Die BaFin wird nach Umsetzung der MiFID auch die Einhaltung der für systematische Internalisierer im Sinne des neuen § 2 Abs. 10 WpHG geltenden Vorschriften überwachen, sofern diese Aufträge in börsenzugelassenen Aktien unterhalb der standardmäßigen Marktgröße ausführen. Die in das Wertpapierhandelsgesetz neu eingefügten Vorschriften geben zusammen mit der EU-Durchführungsverordnung umfangreiche Pflichten vor, etwa laufend Quotes für den Ankauf und Verkauf zu stellen und zu veröffentlichen. Es bleibt abzuwarten, ob die hier selbst für MiFID-Verhältnisse hohe Regulierungsdichte dazu führt, dass es auch in Zukunft bei der derzeit eher geringen Bedeutung der systematischen Internalisierung bei der Ausführung von Kundenaufträgen bleibt. Dies wird auch davon abhängen, wie die auslegungsfähigen Voraussetzungen für die Einstufung als systematischer Internalisierer in der Praxis gehandhabt werden.

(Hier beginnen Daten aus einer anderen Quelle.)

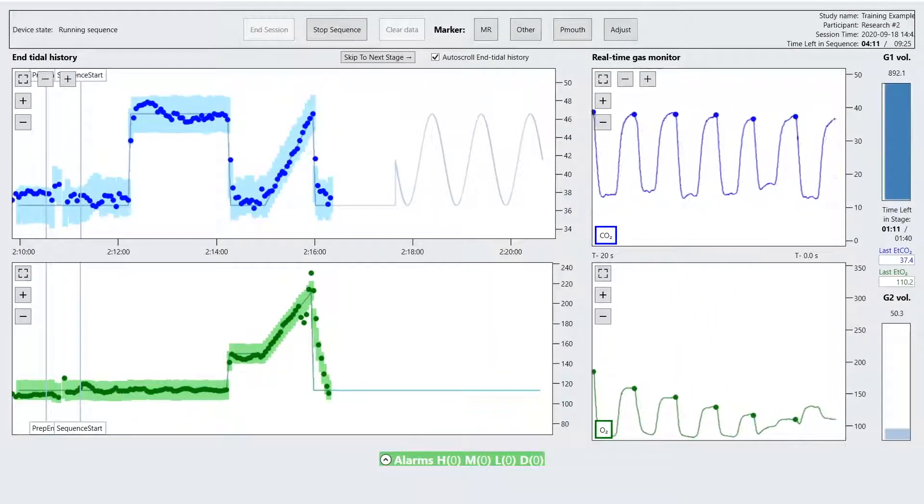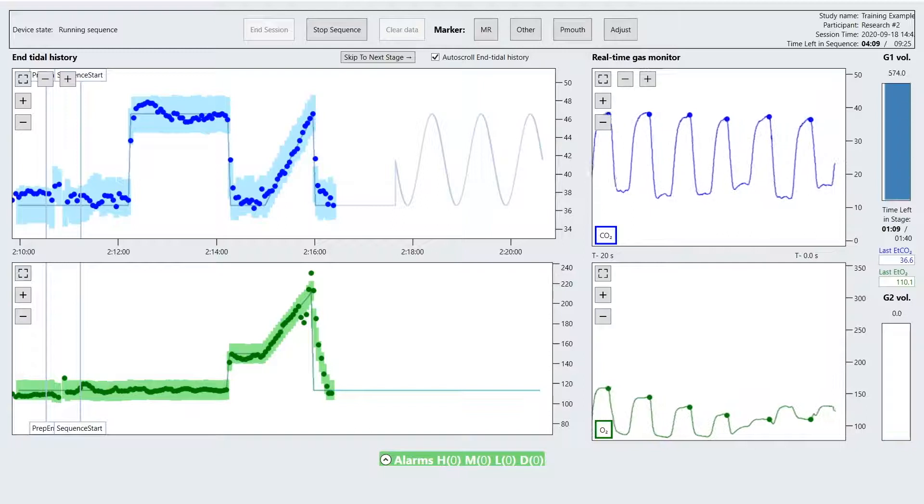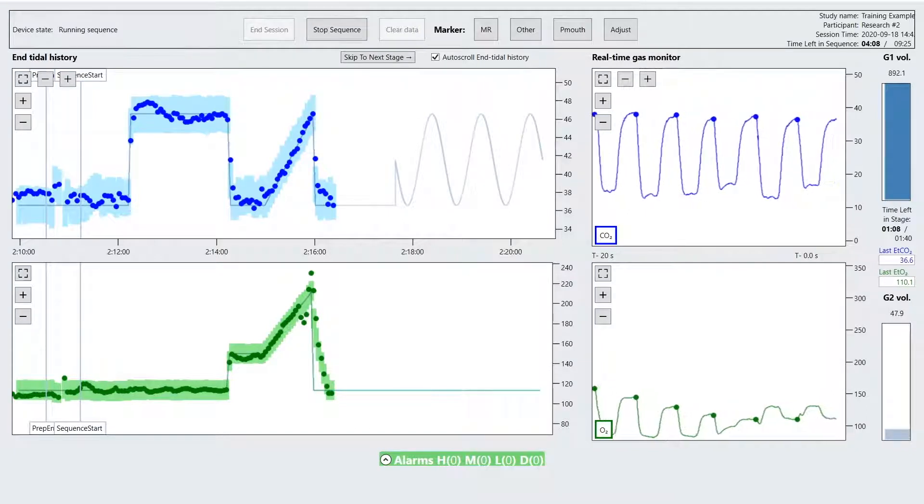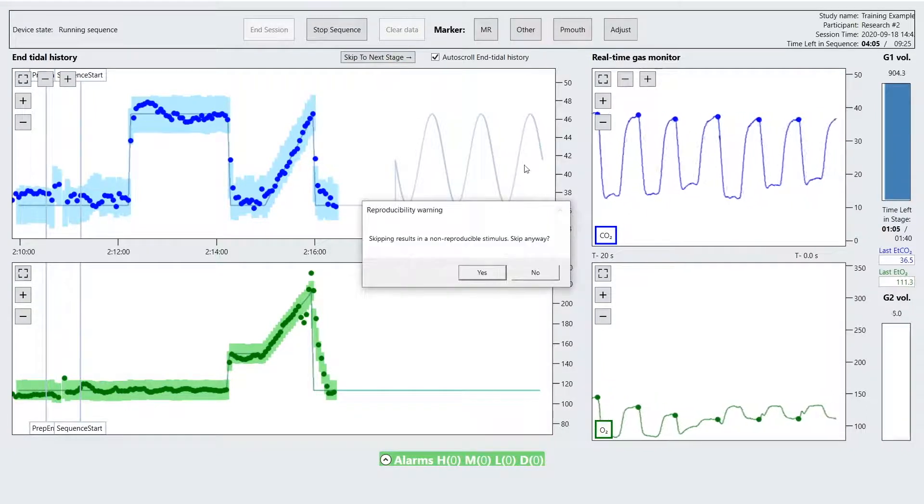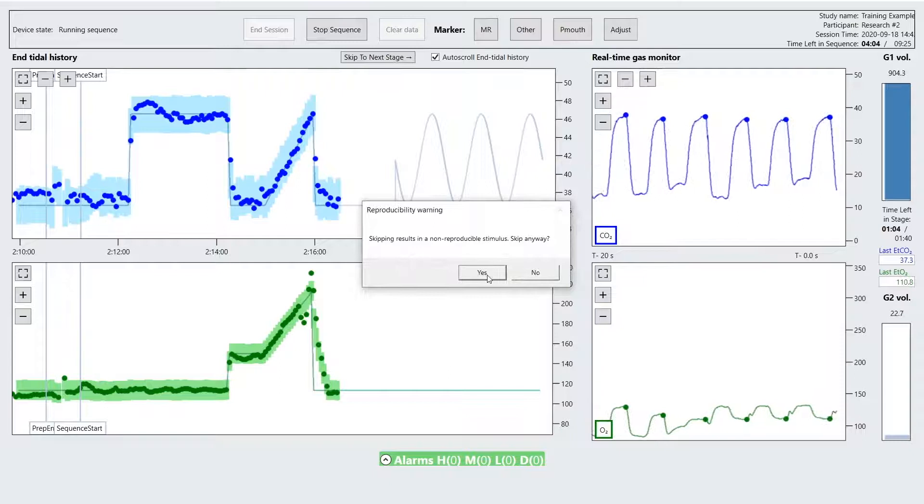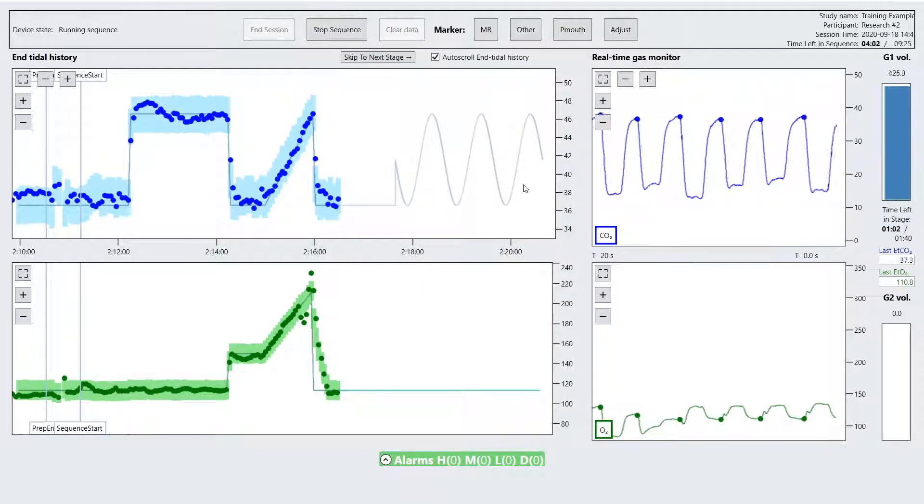When running a study, the operator can choose to skip to the next stage by pressing the skip button. The time at which the skip occurred is logged in the event text file.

Als Finanzdienstleistung gilt nach der MiFID auch das Betreiben eines multilateralen Handelssystems. Diese Handelsplattformen sind mit den bisherigen börsenähnlichen Einrichtungen nach dem Börsengesetz vergleichbar, die als Ausführungsplätze bisher nur eine untergeordnete Bedeutung hatten. Dies dürfte sich in Zukunft ändern, wenn der im November 2006 bekannt gewordene Plan sieben großer Investmentbanken verwirklicht wird, ein eigenes multilaterales Handelssystem in Konkurrenz zu den etablierten Börsen zu errichten.

Umstellung des Meldewesens

Die Umsetzung der MiFID wird weiterhin sowohl für die BaFin als auch für die Institute erhebliche Veränderungen bei dem Meldewesen nach § 9 WpHG bringen. Wertpapierdienstleistungsunternehmen werden ihre Transaktionen künftig nur noch an die zuständige Behörde des Heimatlandes melden. Diese wiederum leitet die Informationen an die Behörde des liquidesten Marktes für das betreffende Finanzinstrument weiter. Dies führt insbesondere bei der Überwachung der Börsen mit vielen remote members (Frankfurter Xetra-Handel, Eurex) dazu, dass der BaFin ein erheblicher Anteil der Transaktionen nicht mehr auf direktem Wege, sondern über andere Aufsichtsbehörden mitgeteilt wird.

Hier sind auf europäischer wie auf nationaler Ebene große Anstrengungen erforderlich, damit dieser Datenaustausch möglichst schnell und ohne Qualitätsverluste funktionsfähig wird. Denn die Meldungen über getätigte Geschäfte sind für die Aufsicht die unverzichtbare Grundlage für eine wirksame Überwachung von Insiderhandel und Marktpreismanipulation.

Auch die Institute werden ihre Meldesysteme im Jahr 2007 an die veränderten rechtlichen Vorgaben, insbesondere aufgrund der EU-Durchführungsverordnung, anzupassen haben. Aus Zeit- und Kostengründen dürfte es dabei bei der näheren nationalen Ausgestaltung sinnvoll sein, soweit möglich auf der bisherigen Grundstruktur des Meldesatzes aufzubauen.

Bei allem mit der Umsetzung der MiFID verbundenen Aufwand sollte nicht vergessen werden, dass der verbesserte Anlegerschutz das Vertrauen in den Kapitalmarkt stärken und ein weiter harmonisierter Binnenmarkt leistungsfähigen, gut organisierten und transparenten Instituten und Börsenbetreibern neue Chancen bieten kann. Die BaFin wie auch die meisten deutschen Unternehmen werden diese Herausforderungen meistern, wenn sie das neue Jahr 2007 gemeinsam nutzen. Als Belohnung winkt danach erst einmal eine Regulierungspause, denn zumindest hinsichtlich der Aufsicht über den Wertpapierhandel stehen in nächster Zeit keine vergleichbaren Richtlinienvorhaben an.